### How to complete this task
Retype each entry below precisely as it reads.

------ Records supplied

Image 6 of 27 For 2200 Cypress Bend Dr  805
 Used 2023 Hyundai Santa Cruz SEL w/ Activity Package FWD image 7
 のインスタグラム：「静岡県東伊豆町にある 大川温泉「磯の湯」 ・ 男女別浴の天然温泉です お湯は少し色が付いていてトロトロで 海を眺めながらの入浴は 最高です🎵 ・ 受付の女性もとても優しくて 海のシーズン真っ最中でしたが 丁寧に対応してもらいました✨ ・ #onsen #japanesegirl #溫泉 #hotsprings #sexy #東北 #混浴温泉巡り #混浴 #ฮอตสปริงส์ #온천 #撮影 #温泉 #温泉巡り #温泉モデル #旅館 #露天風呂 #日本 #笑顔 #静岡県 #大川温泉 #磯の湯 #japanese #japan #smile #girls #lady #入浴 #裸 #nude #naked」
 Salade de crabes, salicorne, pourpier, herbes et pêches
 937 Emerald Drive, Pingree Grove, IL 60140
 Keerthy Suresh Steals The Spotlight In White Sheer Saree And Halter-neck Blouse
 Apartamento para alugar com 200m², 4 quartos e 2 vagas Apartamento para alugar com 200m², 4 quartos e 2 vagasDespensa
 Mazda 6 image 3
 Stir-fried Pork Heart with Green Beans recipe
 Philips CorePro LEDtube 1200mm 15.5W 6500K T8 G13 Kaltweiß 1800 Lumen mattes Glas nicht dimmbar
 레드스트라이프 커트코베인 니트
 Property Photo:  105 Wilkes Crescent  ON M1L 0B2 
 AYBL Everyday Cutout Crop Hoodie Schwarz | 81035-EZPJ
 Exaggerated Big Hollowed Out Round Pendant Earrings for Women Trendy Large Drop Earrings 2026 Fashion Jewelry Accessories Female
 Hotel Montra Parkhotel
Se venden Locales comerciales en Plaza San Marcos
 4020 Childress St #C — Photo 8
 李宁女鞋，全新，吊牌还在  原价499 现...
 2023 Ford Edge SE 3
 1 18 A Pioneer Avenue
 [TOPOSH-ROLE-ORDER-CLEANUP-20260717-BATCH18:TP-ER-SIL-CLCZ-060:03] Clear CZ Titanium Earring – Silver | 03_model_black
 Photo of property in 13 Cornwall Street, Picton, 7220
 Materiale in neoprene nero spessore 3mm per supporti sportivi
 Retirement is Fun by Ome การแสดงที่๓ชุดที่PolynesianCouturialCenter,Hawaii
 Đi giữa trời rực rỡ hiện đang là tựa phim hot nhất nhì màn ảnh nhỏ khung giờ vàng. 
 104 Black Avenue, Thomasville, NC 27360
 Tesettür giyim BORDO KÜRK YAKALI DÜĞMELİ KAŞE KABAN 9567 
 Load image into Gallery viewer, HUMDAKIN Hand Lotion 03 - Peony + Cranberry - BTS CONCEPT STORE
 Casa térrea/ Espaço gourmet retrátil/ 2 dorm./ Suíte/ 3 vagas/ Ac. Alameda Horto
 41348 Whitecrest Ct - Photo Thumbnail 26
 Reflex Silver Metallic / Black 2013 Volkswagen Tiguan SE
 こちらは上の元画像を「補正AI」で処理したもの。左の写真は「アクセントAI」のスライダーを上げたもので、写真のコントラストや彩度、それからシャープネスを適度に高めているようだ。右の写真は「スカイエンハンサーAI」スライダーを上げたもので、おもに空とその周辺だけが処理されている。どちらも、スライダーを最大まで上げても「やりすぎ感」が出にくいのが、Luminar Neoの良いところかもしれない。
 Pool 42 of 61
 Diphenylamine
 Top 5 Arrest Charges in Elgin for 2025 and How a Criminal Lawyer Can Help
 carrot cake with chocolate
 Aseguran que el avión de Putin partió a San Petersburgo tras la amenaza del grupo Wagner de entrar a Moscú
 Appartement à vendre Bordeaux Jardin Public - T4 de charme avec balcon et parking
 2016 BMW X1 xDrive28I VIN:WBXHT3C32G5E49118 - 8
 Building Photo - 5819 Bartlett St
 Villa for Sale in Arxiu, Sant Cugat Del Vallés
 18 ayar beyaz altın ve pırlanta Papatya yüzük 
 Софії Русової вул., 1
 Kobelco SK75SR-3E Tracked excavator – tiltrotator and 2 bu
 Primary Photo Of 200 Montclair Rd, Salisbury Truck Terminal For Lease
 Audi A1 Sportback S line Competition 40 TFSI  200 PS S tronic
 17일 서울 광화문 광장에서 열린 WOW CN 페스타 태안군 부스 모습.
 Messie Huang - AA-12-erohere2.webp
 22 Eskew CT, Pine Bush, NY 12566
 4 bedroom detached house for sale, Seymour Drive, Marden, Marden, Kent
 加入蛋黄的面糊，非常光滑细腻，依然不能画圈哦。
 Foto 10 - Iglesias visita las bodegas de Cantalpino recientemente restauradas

------------

### Solution
Image 6 of 27 For 2200 Cypress Bend Dr  805
 Used 2023 Hyundai Santa Cruz SEL w/ Activity Package FWD image 7
 のインスタグラム：「静岡県東伊豆町にある 大川温泉「磯の湯」 ・ 男女別浴の天然温泉です お湯は少し色が付いていてトロトロで 海を眺めながらの入浴は 最高です🎵 ・ 受付の女性もとても優しくて 海のシーズン真っ最中でしたが 丁寧に対応してもらいました✨ ・ #onsen #japanesegirl #溫泉 #hotsprings #sexy #東北 #混浴温泉巡り #混浴 #ฮอตสปริงส์ #온천 #撮影 #温泉 #温泉巡り #温泉モデル #旅館 #露天風呂 #日本 #笑顔 #静岡県 #大川温泉 #磯の湯 #japanese #japan #smile #girls #lady #入浴 #裸 #nude #naked」
 Salade de crabes, salicorne, pourpier, herbes et pêches
 937 Emerald Drive, Pingree Grove, IL 60140
 Keerthy Suresh Steals The Spotlight In White Sheer Saree And Halter-neck Blouse
 Apartamento para alugar com 200m², 4 quartos e 2 vagas Apartamento para alugar com 200m², 4 quartos e 2 vagasDespensa
 Mazda 6 image 3
 Stir-fried Pork Heart with Green Beans recipe
 Philips CorePro LEDtube 1200mm 15.5W 6500K T8 G13 Kaltweiß 1800 Lumen mattes Glas nicht dimmbar
 레드스트라이프 커트코베인 니트
 Property Photo:  105 Wilkes Crescent  ON M1L 0B2 
 AYBL Everyday Cutout Crop Hoodie Schwarz | 81035-EZPJ
 Exaggerated Big Hollowed Out Round Pendant Earrings for Women Trendy Large Drop Earrings 2026 Fashion Jewelry Accessories Female
 Hotel Montra Parkhotel
Se venden Locales comerciales en Plaza San Marcos
 4020 Childress St #C — Photo 8
 李宁女鞋，全新，吊牌还在  原价499 现...
 2023 Ford Edge SE 3
 1 18 A Pioneer Avenue
 [TOPOSH-ROLE-ORDER-CLEANUP-20260717-BATCH18:TP-ER-SIL-CLCZ-060:03] Clear CZ Titanium Earring – Silver | 03_model_black
 Photo of property in 13 Cornwall Street, Picton, 7220
 Materiale in neoprene nero spessore 3mm per supporti sportivi
 Retirement is Fun by Ome การแสดงที่๓ชุดที่PolynesianCouturialCenter,Hawaii
 Đi giữa trời rực rỡ hiện đang là tựa phim hot nhất nhì màn ảnh nhỏ khung giờ vàng. 
 104 Black Avenue, Thomasville, NC 27360
 Tesettür giyim BORDO KÜRK YAKALI DÜĞMELİ KAŞE KABAN 9567 
 Load image into Gallery viewer, HUMDAKIN Hand Lotion 03 - Peony + Cranberry - BTS CONCEPT STORE
 Casa térrea/ Espaço gourmet retrátil/ 2 dorm./ Suíte/ 3 vagas/ Ac. Alameda Horto
 41348 Whitecrest Ct - Photo Thumbnail 26
 Reflex Silver Metallic / Black 2013 Volkswagen Tiguan SE
 こちらは上の元画像を「補正AI」で処理したもの。左の写真は「アクセントAI」のスライダーを上げたもので、写真のコントラストや彩度、それからシャープネスを適度に高めているようだ。右の写真は「スカイエンハンサーAI」スライダーを上げたもので、おもに空とその周辺だけが処理されている。どちらも、スライダーを最大まで上げても「やりすぎ感」が出にくいのが、Luminar Neoの良いところかもしれない。
 Pool 42 of 61
 Diphenylamine
 Top 5 Arrest Charges in Elgin for 2025 and How a Criminal Lawyer Can Help
 carrot cake with chocolate
 Aseguran que el avión de Putin partió a San Petersburgo tras la amenaza del grupo Wagner de entrar a Moscú
 Appartement à vendre Bordeaux Jardin Public - T4 de charme avec balcon et parking
 2016 BMW X1 xDrive28I VIN:WBXHT3C32G5E49118 - 8
 Building Photo - 5819 Bartlett St
 Villa for Sale in Arxiu, Sant Cugat Del Vallés
 18 ayar beyaz altın ve pırlanta Papatya yüzük 
 Софії Русової вул., 1
 Kobelco SK75SR-3E Tracked excavator – tiltrotator and 2 bu
 Primary Photo Of 200 Montclair Rd, Salisbury Truck Terminal For Lease
 Audi A1 Sportback S line Competition 40 TFSI  200 PS S tronic
 17일 서울 광화문 광장에서 열린 WOW CN 페스타 태안군 부스 모습.
 Messie Huang - AA-12-erohere2.webp
 22 Eskew CT, Pine Bush, NY 12566
 4 bedroom detached house for sale, Seymour Drive, Marden, Marden, Kent
 加入蛋黄的面糊，非常光滑细腻，依然不能画圈哦。
 Foto 10 - Iglesias visita las bodegas de Cantalpino recientemente restauradas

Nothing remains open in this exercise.